Des moyens pour une ambition ou l'ambition d'être moyen ?
La marque de fabrique de Transcom depuis au moins 3 ans, c’est son aptitude à ne pas mettre les moyens nécessaires en face de ses ambitions. Ce constat, pour sévère qu’il soit, s’appuie sur l’expérience des moments difficiles, sur l’incapacité avérée de l’entreprise à s’adapter rapidement à un environnement mouvant à défaut d’être émouvant.
La réforme que réclame depuis des mois la CFDT est à la fois d’ordre matériel et structurel. L’aspect matériel et nécessairement financier de l’évolution que nous attendons devant venir compléter la mise en œuvre indispensable d’une modification profonde des pratiques managériales à l’intérieur de l’entreprise.

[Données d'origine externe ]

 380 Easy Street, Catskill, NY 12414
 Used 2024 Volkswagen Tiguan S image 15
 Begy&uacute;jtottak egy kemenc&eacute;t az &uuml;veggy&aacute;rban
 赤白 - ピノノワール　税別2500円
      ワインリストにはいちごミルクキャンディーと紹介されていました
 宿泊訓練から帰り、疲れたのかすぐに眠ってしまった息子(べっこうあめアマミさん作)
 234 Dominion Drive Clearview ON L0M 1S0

Ce que souhaitent tous les salariés, c’est que la direction générale puisse leur prouver son aptitude à donner un nouveau souffle à l’entreprise et le pari est loin d’être gagné. La CFDT attend notamment une redistribution des cartes entre la partie production, le service training/qualité et le gestionnaire des flux d’activité.
Pour être plus clair encore, l’évidence doit prévaloir, le service de gestion des flux et le service training/qualité doivent être clairement mis au service de la production, contrairement à ce que nous connaissons pour le moment.

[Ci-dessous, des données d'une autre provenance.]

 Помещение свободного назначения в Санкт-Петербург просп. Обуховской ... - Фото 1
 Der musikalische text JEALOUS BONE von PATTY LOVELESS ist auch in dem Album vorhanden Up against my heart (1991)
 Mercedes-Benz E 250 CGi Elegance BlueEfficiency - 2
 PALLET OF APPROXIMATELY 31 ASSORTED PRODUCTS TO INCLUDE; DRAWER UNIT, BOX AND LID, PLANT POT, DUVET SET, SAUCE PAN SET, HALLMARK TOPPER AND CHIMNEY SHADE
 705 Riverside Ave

Il est fascinant de voir le temps et l’énergie gaspillée dans chaque centre par les responsables opérationnels pour faire avaler à leurs subordonnés, les pilules amères de ce que souhaitent voir expérimenter nos experts. Transcom, nous dit-on, serait atteint d’un syndrome parasitaire d’excès de qualité, mais à ce jour, rien n’est fait pour y remédier.
Le service training qualité devrait venir logiquement venir en support de la production, comme par ailleurs le service gestion des flux, mais, le croirez-vous ? Ce n’est pas le cas. La somme des égos à bousculer est sans doute d’un trop grand poids pour que notre direction générale ose s’y affronter. C’est fort regrettable, à la fois pour l’entreprise et pour ses salariés. Le moyen réside dans le courage, l’investissement est faible, il ne consiste qu’à établir un lien nouveau de subordination.
A-t-on quelque chose en particulier contre le service qualité ? La réponse est non, simplement Transcom et ses salariés sont rémunérés, pour l’essentiel, à proportion de ce qu’ils produisent en volume, guère en qualité.
Dans l’industrie, ce qu’on entend par service qualité se rapproche davantage d’un service des méthodes, qui contribue à l’essor de la production.
La culture Transcom, c’est davantage l’art de préserver son « pré carré », nul ne tolère de voir son espace de compétence empiété et c’est fort dommage, les résultats de l’entreprise sont là pour le prouver. Monsieur le DG et madame la DRH sauront-ils se donner les moyens de modifier cela ?
Des moyens qu’ils ne mettent pas en œuvre, en tout cas dans le cadre de la négociation sur l’emploi des seniors. On se dirige tout droit vers un plan d’action, mesure non contraignante qui évitera à la direction le paiement de pénalités, d’amendes équivalentes à 1% de la masse salariale totale de Transcom, si elle est posée avant le 31 décembre. Il est hors de question pour la CFDT de signer tout accord qui ne serait pas supporté, étayé, par des moyens financiers pour « encourager et préserver l’emploi des séniors. Or la direction ne veut rien mettre de concret dans la balance pour donner à cet accord un peu de chair, de substance : C’est un choix qu’elle devra assumer pour l’obtention d’un certain label. La CFDT saura le rappeler.
Avoir les moyens de ses ambitions ou sans ambition, rester plus que moyen, là est toute la question.